Now suppose the threads have completed their work and you want to,
say, write the buffer's contents to a channel. You have to carefully
make sure the threads are all finished and properly publish their
results back to some central thread, have that central thread receive
the results, set the position and limit, after which the central
thread can initiate the I/O operation.
This can certainly be made to work.
But note what we just did. We now have an API where:
- there are different "phases", where in one phase all the methods
work, but in another phase only certain methods work (otherwise it
breaks silently);
- you have to carefully control all the code to ensure that the wrong
methods aren't called when the buffer is in the wrong phase (otherwise
it breaks silently); and
- you can't hand off the buffer to a library (3rd party or JDK)

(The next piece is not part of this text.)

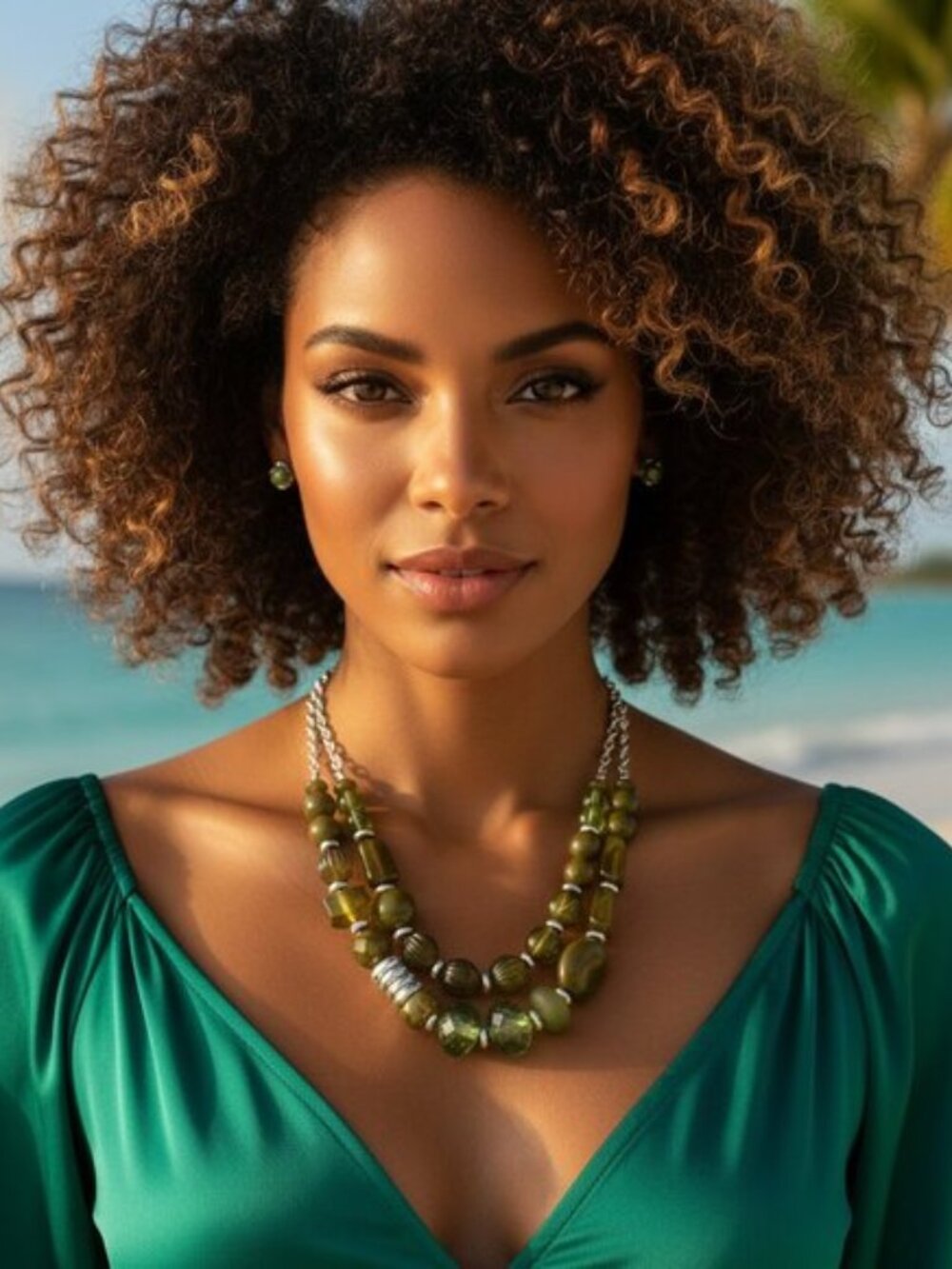 Pina Colada Paradise Green Necklace & Earrings - Picture 5 of 6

without carefully orchestrating a transition into the right phase
(otherwise it breaks silently).
Frankly, this is pretty crappy. It's certainly possible to work around
it. People do, and it is painful, and they complain about it up and
down all day long (and rightfully so).
Note that this discussion is based primarily on looking at the
ByteBuffer API. I have not done extensive investigation of the impact
of the various buffer views (IntBuffer, LongBuffer, etc.), nor have I
looked thoroughly at the implementations. I have no doubt that we will
run into additional issues when we do those investigations.
If we were designing an API to support multi-threaded access to memory
regions, it would almost certainly look nothing like the buffer API.
This is what Alan means by "buffers might not be the right answer." As
things stand, it appears quite difficult to me to fix the
multi-threaded access problem without turning buffers into something
they aren't, or fragmenting the API in some complex and uncomfortable
way.
Finally, note that this is not an argument against adding bulk
absolute operations! I think we should probably go ahead and do that
anyway. But let's not fool ourselves into thinking that bulk absolute
operations solve the multi-threaded buffer access problem.